▶ **Task item**
Below are several entries. Transcribe exactly those lines that fall from the one with "Sala-Conjunto, 35 m² - Foto 6" through the one with "Блок АБС VOLKSWAGEN PASSAT B7", end lines included.

▶ **Data for review**
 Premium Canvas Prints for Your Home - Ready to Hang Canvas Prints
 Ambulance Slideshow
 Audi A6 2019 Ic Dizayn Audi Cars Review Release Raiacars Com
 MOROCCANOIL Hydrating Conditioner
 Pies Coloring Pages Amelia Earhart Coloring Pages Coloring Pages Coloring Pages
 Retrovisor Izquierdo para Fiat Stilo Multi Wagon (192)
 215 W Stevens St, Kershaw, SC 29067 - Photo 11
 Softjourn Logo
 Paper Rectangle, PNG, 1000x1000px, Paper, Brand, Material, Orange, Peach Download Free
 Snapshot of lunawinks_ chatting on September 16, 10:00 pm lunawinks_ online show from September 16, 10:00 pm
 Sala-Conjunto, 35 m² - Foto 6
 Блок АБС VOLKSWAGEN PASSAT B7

==

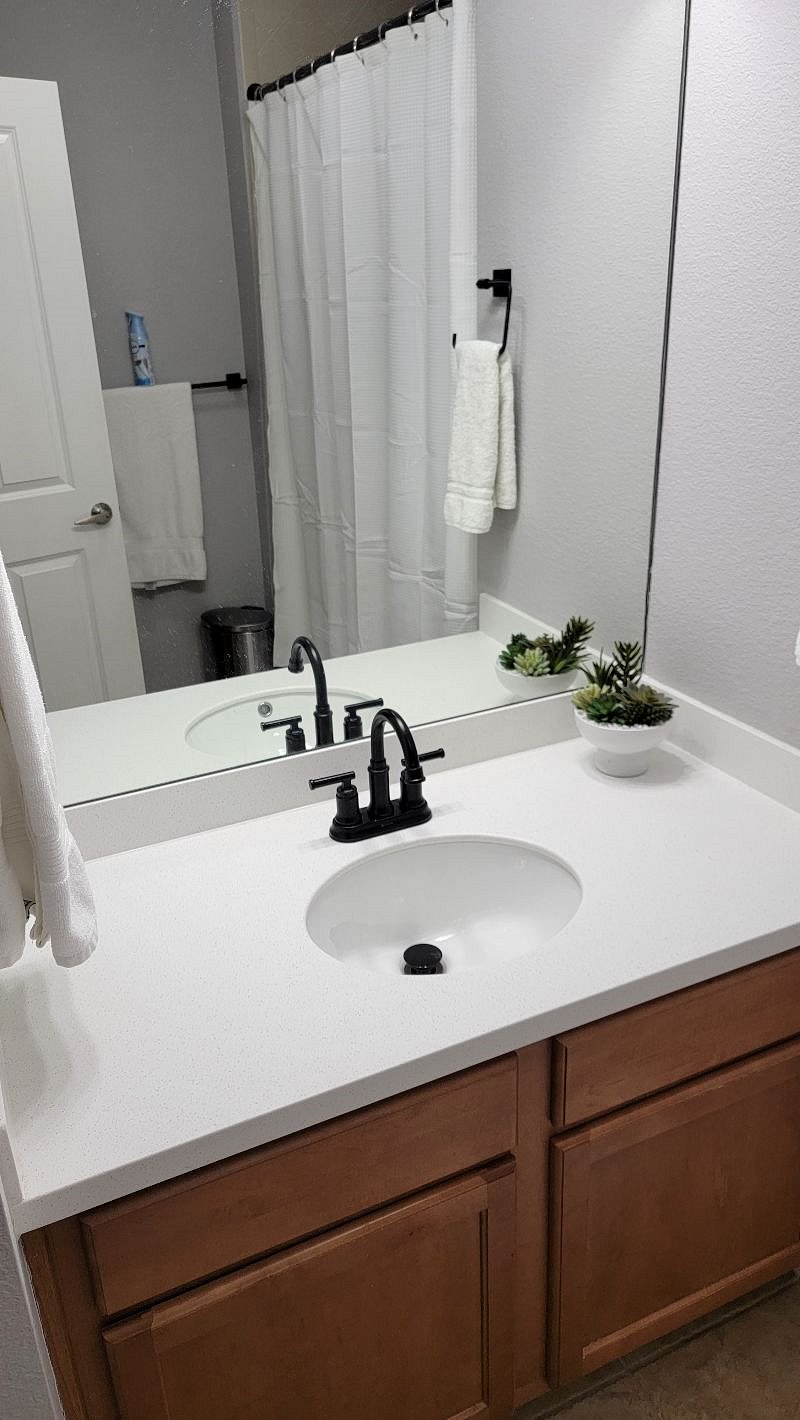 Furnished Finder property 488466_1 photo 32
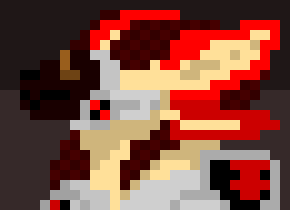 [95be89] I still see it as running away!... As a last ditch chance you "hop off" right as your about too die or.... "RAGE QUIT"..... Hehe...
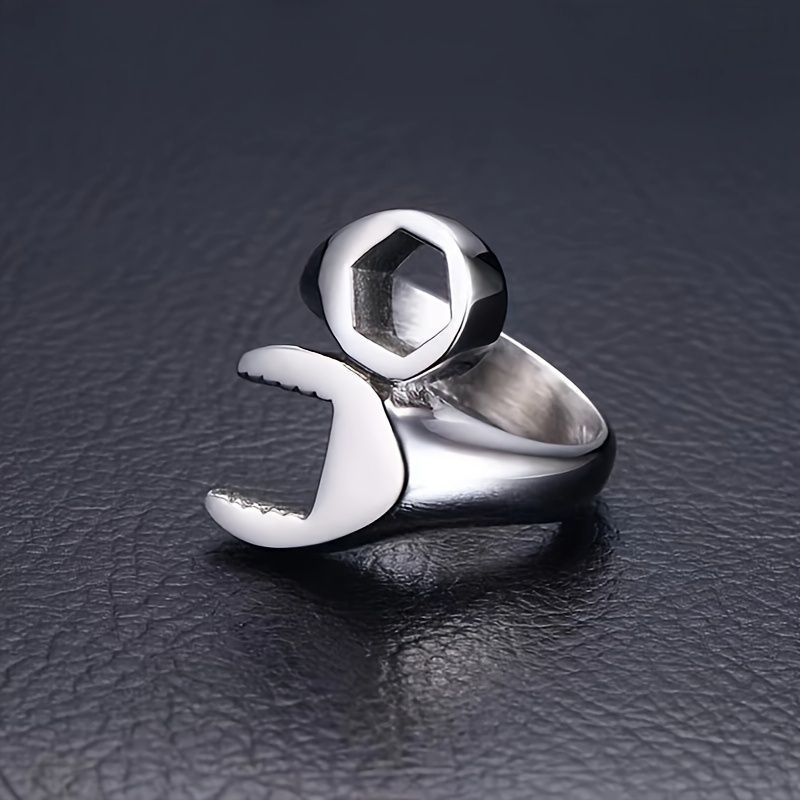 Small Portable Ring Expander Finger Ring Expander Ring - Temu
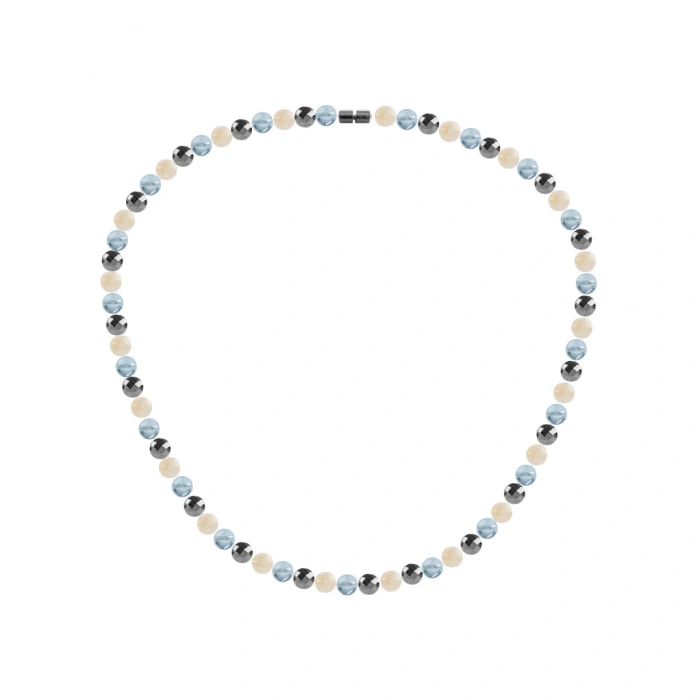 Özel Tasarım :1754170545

▶ **Problem solution**
 Sala-Conjunto, 35 m² - Foto 6
 Блок АБС VOLKSWAGEN PASSAT B7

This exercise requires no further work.